Musique sacréeLe Chœur du Grand Théâtre, une fulgurance à la cathédrale Saint-Pierre
La formation dirigée par Alan Woodbridge a déployé sa richesse expressive dans un concert consacré à Arvo Pärt et à Rachmaninov.

Ses qualités se laissent apprécier dans son fief naturel de la place Neuve. Encore faut-il en cueillir l’essence, les soirs de représentation venus, entre des pages de partitions où les voix solistes, celles des protagonistes des opéras, dominent tout ou presque. L’occasion était trop belle, alors, d’entendre le Chœur du Grand Théâtre dans une petite épopée en solitaire, d’en saisir toutes les qualités samedi soir. Et la proposition faite sous les hautes voûtes de la cathédrale Saint-Pierre a attiré des centaines de mélomanes, qui ont rempli jusqu’au dernier banc.
Puissance et précision
Le programme, pourtant, était exigeant, surtout dans sa partie liminaire, la plus consistante par ailleurs. Car avec les pièces de Arvo Pärt mises à l’affiche, on chemine comme toujours avec l’Estonien sur une double voie et on perd parfois l’équilibre. Ses travaux pour voix – «Passio», «De Profundis», «Stabat Mater» … – sont traversés par des traditions lointaines, le rite orthodoxe étant chez lui à la fois une charpente et un territoire de réinvention. On l’aura mesuré une fois encore avec «Adam’s Lament», où les innombrables épisodes aux textures et intensités éloignées ont permis au Chœur dirigé par Alan Woodbridge de déployer l’étendue de son savoir-faire. On l’a trouvé diablement précis, d’une puissance par endroits phénoménale – il ne fallait pas être assis dans les premiers rangs, comme votre serviteur… – mais aussi d’une finesse à couper le souffle dans cette longue et complexe entrée en matière.
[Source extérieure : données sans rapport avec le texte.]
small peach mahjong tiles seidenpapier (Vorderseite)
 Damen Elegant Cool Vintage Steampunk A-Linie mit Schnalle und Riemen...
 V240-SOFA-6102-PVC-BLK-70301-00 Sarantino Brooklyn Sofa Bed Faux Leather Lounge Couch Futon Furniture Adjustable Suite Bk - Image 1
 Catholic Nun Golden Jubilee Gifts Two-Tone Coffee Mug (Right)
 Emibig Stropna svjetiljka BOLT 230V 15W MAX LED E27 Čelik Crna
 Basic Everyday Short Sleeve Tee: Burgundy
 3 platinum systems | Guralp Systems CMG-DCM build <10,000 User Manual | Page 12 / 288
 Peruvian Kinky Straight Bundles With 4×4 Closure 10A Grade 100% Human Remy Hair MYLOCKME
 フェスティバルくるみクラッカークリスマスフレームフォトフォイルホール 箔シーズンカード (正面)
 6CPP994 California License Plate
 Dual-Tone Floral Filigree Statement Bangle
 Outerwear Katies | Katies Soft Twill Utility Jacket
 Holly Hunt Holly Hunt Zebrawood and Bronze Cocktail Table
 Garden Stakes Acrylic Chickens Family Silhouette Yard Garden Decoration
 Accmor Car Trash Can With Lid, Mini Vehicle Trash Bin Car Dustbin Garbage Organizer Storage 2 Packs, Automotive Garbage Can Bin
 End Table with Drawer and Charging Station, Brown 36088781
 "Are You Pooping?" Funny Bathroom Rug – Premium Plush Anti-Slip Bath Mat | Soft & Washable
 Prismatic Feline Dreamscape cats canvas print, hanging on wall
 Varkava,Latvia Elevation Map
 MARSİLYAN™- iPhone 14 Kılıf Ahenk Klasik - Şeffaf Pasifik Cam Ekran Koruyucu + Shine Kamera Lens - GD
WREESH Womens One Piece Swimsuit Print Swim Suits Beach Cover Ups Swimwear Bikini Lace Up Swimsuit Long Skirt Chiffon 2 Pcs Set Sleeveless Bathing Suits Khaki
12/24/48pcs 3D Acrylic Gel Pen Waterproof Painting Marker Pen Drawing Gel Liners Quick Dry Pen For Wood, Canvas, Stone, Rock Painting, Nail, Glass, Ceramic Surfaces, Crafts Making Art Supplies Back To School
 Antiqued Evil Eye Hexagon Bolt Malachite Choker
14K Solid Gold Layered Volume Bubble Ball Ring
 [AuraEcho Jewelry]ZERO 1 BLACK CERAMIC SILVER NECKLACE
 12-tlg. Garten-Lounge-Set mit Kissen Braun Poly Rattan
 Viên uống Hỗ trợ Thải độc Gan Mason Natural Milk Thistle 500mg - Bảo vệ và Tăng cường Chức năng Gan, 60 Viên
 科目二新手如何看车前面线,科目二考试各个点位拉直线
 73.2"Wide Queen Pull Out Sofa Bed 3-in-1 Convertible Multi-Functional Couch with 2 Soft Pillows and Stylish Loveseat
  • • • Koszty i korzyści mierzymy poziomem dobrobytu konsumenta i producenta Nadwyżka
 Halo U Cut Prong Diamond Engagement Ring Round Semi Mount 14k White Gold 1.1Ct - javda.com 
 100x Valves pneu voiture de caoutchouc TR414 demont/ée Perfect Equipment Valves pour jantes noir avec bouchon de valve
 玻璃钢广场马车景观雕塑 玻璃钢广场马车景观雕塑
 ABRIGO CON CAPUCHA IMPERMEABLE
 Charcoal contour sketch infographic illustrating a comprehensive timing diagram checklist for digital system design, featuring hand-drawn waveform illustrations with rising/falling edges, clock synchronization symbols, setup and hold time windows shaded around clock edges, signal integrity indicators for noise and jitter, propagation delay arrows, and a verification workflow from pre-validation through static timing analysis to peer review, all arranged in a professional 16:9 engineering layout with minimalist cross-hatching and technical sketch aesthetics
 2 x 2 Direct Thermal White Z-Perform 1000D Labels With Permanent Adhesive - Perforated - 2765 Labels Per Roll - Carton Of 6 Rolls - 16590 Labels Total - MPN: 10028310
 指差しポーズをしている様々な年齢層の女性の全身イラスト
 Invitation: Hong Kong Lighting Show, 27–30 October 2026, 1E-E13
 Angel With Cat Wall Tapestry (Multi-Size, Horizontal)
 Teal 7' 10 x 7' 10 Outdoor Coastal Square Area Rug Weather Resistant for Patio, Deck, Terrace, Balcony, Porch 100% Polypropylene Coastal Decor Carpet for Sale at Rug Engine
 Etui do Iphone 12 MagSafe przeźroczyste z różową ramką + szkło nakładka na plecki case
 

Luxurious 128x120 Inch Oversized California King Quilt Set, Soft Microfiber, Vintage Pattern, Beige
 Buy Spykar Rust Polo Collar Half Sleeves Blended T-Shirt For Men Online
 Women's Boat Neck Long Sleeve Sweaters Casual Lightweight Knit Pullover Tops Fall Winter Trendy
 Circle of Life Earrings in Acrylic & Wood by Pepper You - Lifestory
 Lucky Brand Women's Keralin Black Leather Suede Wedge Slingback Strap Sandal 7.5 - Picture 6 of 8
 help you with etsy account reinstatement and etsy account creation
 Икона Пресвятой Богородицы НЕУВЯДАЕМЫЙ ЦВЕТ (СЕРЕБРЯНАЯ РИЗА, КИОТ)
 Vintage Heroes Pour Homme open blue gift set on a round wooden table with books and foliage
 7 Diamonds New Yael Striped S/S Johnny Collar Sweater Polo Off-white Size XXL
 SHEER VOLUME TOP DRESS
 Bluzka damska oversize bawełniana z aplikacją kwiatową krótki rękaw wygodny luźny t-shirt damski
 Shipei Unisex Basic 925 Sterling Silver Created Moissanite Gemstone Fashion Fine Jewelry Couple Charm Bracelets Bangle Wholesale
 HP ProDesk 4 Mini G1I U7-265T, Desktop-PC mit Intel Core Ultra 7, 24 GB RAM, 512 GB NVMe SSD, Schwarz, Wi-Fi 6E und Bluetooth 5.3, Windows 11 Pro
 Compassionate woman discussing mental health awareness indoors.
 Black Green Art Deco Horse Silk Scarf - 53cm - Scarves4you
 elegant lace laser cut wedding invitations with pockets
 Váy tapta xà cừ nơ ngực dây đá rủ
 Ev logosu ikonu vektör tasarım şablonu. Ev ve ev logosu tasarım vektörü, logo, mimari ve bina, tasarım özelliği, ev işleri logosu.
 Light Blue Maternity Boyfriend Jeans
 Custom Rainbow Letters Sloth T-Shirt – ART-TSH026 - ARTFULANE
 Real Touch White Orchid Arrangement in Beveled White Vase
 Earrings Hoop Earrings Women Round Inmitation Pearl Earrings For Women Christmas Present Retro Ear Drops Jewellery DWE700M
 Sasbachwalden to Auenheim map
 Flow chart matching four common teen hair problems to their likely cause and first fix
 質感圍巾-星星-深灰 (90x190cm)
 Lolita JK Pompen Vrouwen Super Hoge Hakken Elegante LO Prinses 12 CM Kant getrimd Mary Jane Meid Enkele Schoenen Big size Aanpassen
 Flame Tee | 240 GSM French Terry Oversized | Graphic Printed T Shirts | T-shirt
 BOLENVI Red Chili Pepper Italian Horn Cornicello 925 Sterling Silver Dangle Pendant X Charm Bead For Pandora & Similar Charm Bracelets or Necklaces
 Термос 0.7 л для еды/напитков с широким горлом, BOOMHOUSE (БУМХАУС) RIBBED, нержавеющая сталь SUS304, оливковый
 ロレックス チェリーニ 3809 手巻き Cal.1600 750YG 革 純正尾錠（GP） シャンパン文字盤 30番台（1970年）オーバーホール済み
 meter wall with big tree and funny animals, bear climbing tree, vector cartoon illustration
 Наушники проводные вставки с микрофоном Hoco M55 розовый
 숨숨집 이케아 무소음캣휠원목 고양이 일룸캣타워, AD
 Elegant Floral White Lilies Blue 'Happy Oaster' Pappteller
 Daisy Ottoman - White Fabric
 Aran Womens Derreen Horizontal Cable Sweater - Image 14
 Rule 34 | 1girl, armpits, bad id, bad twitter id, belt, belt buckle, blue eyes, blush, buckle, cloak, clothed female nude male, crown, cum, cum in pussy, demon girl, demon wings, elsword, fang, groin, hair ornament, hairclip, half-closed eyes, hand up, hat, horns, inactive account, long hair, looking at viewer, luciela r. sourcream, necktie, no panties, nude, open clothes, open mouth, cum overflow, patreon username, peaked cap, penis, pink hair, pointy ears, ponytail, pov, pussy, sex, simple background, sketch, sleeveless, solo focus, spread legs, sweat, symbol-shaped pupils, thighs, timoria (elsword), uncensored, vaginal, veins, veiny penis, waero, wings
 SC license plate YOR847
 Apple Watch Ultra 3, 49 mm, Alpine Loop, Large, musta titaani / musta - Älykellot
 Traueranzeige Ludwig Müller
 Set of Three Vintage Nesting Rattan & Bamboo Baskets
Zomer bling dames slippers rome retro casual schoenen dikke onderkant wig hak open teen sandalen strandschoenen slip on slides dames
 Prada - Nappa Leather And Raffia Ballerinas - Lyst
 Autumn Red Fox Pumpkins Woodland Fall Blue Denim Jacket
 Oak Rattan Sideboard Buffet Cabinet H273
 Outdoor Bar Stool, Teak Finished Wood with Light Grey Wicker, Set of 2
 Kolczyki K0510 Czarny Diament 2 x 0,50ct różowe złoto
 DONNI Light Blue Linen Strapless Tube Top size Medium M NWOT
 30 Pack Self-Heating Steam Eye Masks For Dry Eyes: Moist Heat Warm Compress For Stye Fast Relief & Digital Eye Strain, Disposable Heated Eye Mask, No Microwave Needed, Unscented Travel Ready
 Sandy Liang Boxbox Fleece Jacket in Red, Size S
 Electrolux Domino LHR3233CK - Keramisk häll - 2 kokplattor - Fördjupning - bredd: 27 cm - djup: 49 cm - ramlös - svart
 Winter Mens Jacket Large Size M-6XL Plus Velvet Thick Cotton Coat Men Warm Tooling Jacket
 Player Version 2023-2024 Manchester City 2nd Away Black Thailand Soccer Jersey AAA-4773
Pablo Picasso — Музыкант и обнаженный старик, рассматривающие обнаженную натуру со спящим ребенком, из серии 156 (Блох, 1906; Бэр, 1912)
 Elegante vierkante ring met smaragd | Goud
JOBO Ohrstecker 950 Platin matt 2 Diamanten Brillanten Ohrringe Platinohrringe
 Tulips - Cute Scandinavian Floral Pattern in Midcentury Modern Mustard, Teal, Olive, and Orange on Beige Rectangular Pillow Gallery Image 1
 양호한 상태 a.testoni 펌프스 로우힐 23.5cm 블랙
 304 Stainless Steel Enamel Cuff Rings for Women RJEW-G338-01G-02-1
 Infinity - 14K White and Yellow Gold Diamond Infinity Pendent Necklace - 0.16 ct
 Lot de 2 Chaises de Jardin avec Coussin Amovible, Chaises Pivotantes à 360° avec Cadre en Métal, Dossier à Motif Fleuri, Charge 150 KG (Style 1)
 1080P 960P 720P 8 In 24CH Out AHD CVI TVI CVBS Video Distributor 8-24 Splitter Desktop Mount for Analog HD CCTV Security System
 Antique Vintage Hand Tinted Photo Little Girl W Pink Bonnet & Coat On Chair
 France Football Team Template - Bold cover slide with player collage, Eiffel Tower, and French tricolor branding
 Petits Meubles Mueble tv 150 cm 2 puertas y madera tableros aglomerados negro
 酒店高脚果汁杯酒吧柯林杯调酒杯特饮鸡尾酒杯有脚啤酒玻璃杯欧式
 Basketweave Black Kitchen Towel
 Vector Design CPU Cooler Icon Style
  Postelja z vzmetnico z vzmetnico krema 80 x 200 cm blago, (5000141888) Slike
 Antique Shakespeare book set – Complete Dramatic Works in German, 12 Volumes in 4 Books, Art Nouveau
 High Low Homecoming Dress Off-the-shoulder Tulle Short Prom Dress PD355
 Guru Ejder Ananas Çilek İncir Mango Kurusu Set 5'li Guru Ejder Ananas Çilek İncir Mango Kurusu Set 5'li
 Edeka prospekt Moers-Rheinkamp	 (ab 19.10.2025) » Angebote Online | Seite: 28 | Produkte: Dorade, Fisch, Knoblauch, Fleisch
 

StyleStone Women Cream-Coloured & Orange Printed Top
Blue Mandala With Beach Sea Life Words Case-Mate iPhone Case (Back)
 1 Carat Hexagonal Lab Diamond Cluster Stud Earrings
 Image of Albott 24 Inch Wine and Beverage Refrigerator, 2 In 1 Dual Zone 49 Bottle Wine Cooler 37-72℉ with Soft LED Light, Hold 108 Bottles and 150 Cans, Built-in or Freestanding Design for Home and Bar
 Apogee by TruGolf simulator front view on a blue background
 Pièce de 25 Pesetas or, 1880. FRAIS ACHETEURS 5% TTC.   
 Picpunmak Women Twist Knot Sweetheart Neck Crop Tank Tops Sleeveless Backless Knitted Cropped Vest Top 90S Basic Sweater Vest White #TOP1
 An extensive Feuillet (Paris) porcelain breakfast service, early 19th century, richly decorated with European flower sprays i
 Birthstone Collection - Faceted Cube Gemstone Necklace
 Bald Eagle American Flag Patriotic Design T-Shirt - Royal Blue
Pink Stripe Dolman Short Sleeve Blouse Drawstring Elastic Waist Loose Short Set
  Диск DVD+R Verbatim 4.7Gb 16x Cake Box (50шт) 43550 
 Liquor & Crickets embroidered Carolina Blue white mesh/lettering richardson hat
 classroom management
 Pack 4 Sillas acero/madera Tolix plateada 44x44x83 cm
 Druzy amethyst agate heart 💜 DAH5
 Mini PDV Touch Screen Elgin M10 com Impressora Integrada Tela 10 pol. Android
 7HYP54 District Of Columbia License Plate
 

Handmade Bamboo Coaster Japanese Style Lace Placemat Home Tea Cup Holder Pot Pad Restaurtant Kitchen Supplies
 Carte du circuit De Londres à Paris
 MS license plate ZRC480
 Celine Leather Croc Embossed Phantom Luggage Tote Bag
L’orgue de Vincent Thévenaz a été d’un excellent accompagnement, avant de se lancer dans un interlude du même compositeur, «Annum per annum». Œuvre étonnante, bâtie sur le socle d’une courte séquence de notes, répétées avec des registres multiples. Quasi un catalogue des possibles pour l’orgue de la cathédrale et pour son titulaire. Plus loin, après le saisissant «Otche nash» («Notre père») de Nikolaï Golovanov, ce fut le temps des «Vêpres» de Rachmaninov, dont on fête le 150e anniversaire. Ici encore, s’en est dégagé une grande intensité, avec des passages poignants, tel ce «Maintenant laisse partir», si bien chanté par le ténor Marin Yonchev. Une soirée marquante, donc, dont on espère des répliques au programme du Grand Théâtre.